== ABOUT THIS TASK ==
The listing below needs to be copied in full, exactly.

◇ ◇ ◇ ◇

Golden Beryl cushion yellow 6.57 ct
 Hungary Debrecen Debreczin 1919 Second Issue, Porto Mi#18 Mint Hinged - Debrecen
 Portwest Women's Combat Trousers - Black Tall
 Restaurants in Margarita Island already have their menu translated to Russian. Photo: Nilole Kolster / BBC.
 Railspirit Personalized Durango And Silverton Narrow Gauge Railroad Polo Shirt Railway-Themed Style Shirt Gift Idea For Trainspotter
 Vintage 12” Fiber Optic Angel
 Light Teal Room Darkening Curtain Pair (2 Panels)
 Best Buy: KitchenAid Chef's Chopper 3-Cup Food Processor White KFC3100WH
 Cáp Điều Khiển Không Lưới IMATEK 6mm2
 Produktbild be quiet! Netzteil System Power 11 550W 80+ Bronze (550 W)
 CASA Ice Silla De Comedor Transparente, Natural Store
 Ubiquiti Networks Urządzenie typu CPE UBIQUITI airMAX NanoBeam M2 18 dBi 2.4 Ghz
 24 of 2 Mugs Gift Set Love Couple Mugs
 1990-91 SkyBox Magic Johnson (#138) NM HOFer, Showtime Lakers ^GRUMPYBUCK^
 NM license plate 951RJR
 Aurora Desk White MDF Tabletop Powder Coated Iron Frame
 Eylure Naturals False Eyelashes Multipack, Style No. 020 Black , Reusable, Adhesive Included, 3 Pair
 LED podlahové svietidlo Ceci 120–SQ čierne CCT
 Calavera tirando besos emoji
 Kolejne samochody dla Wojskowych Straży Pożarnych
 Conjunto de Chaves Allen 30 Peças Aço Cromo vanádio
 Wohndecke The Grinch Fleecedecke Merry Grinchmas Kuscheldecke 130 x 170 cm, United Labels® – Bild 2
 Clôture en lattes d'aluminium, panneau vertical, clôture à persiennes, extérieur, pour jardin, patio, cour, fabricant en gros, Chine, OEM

◇ ◇ ◇ ◇

== REPLY ==
Golden Beryl cushion yellow 6.57 ct
 Hungary Debrecen Debreczin 1919 Second Issue, Porto Mi#18 Mint Hinged - Debrecen
 Portwest Women's Combat Trousers - Black Tall
 Restaurants in Margarita Island already have their menu translated to Russian. Photo: Nilole Kolster / BBC.
 Railspirit Personalized Durango And Silverton Narrow Gauge Railroad Polo Shirt Railway-Themed Style Shirt Gift Idea For Trainspotter
 Vintage 12” Fiber Optic Angel
 Light Teal Room Darkening Curtain Pair (2 Panels)
 Best Buy: KitchenAid Chef's Chopper 3-Cup Food Processor White KFC3100WH
 Cáp Điều Khiển Không Lưới IMATEK 6mm2
 Produktbild be quiet! Netzteil System Power 11 550W 80+ Bronze (550 W)
 CASA Ice Silla De Comedor Transparente, Natural Store
 Ubiquiti Networks Urządzenie typu CPE UBIQUITI airMAX NanoBeam M2 18 dBi 2.4 Ghz
 24 of 2 Mugs Gift Set Love Couple Mugs
 1990-91 SkyBox Magic Johnson (#138) NM HOFer, Showtime Lakers ^GRUMPYBUCK^
 NM license plate 951RJR
 Aurora Desk White MDF Tabletop Powder Coated Iron Frame
 Eylure Naturals False Eyelashes Multipack, Style No. 020 Black , Reusable, Adhesive Included, 3 Pair
 LED podlahové svietidlo Ceci 120–SQ čierne CCT
 Calavera tirando besos emoji
 Kolejne samochody dla Wojskowych Straży Pożarnych
 Conjunto de Chaves Allen 30 Peças Aço Cromo vanádio
 Wohndecke The Grinch Fleecedecke Merry Grinchmas Kuscheldecke 130 x 170 cm, United Labels® – Bild 2
 Clôture en lattes d'aluminium, panneau vertical, clôture à persiennes, extérieur, pour jardin, patio, cour, fabricant en gros, Chine, OEM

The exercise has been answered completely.